The microstructure evolution of semicrystalline poly­(vinyl alcohol) (PVA) during drying within a wide temperature window ranging from 95 to 50 °C was captured in situ by synchrotron radiation X-ray scattering (SRXS), specifically small- and wide-angle X-ray scattering. A portable film-casting apparatus with a high-pressure reactor was designed and manufactured. Its high safety features, coupled with its detachable and installable design, facilitate its integration with SRXS for researching the drying process of polymer solutions. The time-resolved microstructure parameters, such as the crystallinity and lamellar thickness, as well as the water fraction during the PVA film formation process help us to elucidate four sequential regimes during drying: (1) regime I, the evaporation stage, where the water evaporates at a constant rate without any crystallization occurring; (2) regime II, the rapid-crystallization stage, where PVA crystallinity increases dramatically and the long period declines rapidly due to the evaporation of the water in the interlamellar amorphous layer; (3) regime III, the diffusion-limited stage, where the PVA chain mobility and diffusion of water in the amorphous layers are gradually hindered as the PVA concentration increases, resulting in a slowdown of the decline in the long period; (4) regime IV, the annealing stage, during which the long period exhibits a secondary rapid reduction with the insertion of new-formed lamellae into the lamellar stacks.

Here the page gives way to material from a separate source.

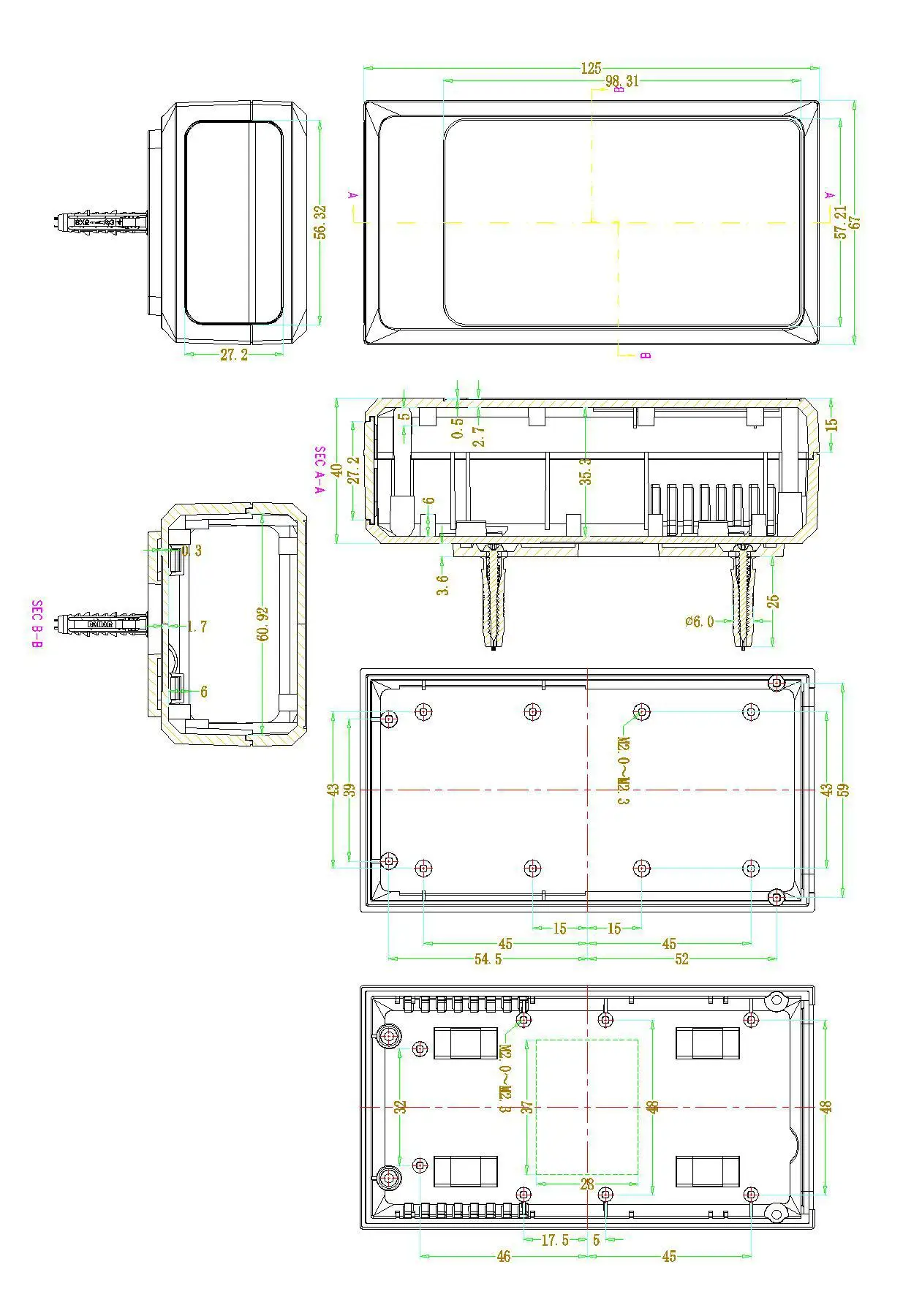 Bahar Behuizing Wandmontage Shell Draad Junction Box Abs Plastic Behuizing Instrument Case Size 125X67X40MM Model BMW50020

The synergistic and competing effects of the temperature and water fraction significantly influence the crystallization kinetics and chain mobility: lowering the temperature results in an increasing supercooling degree but a decrement of chain mobility as evidenced by low-field NMR experiments, where the former facilitates the nucleation but the latter impedes the crystallization kinetics. The above effects lead to a nonmonotonic temperature-dependent onset PVA weight fraction (ωPVA) of crystallization at the very beginning of regime II.